What you should do →
Look through the records and copy every line in which "Plastic" appears.

··········

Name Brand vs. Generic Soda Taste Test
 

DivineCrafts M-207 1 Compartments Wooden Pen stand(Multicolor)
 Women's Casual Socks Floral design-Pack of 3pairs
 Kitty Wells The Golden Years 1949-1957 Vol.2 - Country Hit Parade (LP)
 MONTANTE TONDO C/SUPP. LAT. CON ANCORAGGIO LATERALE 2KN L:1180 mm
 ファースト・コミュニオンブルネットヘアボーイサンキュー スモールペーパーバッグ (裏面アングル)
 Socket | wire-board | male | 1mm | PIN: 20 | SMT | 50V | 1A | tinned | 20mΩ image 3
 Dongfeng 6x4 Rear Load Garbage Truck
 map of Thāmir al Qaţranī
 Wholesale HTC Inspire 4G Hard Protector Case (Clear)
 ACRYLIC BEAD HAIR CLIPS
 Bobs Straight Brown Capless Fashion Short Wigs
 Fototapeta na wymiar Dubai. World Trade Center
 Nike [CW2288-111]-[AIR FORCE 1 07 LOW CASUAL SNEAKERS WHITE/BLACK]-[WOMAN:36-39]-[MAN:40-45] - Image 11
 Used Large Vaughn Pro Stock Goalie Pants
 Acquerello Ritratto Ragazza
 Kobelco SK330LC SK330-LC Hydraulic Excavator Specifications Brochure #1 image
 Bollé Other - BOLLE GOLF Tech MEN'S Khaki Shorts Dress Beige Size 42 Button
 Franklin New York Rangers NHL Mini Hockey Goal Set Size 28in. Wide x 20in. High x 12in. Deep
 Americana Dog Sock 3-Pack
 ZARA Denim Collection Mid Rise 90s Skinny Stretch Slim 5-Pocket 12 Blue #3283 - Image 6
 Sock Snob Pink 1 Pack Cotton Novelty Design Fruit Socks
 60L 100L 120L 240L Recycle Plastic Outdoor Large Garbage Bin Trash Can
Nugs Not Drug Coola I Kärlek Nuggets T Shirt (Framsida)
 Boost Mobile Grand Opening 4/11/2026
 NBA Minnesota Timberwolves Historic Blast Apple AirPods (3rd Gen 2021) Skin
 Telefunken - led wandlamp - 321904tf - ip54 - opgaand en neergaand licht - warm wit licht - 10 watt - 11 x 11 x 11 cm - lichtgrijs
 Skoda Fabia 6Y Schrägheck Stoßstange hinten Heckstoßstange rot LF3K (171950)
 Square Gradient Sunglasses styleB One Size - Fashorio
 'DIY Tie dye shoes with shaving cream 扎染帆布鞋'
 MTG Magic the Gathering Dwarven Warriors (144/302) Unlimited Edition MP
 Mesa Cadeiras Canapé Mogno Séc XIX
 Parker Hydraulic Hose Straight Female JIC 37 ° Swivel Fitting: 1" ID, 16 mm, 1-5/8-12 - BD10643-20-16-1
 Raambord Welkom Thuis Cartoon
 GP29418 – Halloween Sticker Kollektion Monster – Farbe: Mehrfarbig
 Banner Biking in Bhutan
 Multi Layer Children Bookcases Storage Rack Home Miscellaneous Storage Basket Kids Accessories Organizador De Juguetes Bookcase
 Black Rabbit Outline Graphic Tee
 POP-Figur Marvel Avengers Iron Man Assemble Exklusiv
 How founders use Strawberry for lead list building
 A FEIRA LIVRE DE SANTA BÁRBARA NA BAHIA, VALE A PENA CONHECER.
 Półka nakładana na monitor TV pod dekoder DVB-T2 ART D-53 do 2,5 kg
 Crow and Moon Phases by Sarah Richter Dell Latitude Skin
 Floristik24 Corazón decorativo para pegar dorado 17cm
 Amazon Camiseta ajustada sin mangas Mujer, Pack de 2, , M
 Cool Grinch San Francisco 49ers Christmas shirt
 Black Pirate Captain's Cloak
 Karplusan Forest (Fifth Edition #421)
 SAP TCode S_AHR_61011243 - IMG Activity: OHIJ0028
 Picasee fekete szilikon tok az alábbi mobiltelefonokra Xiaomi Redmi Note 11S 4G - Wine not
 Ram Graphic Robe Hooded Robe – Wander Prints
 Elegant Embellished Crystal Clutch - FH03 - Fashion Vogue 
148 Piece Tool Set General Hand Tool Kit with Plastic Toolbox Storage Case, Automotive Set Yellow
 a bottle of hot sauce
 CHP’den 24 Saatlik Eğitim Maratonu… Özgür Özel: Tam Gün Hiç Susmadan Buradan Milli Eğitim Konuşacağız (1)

··········

Exercise output →
 60L 100L 120L 240L Recycle Plastic Outdoor Large Garbage Bin Trash Can
148 Piece Tool Set General Hand Tool Kit with Plastic Toolbox Storage Case, Automotive Set Yellow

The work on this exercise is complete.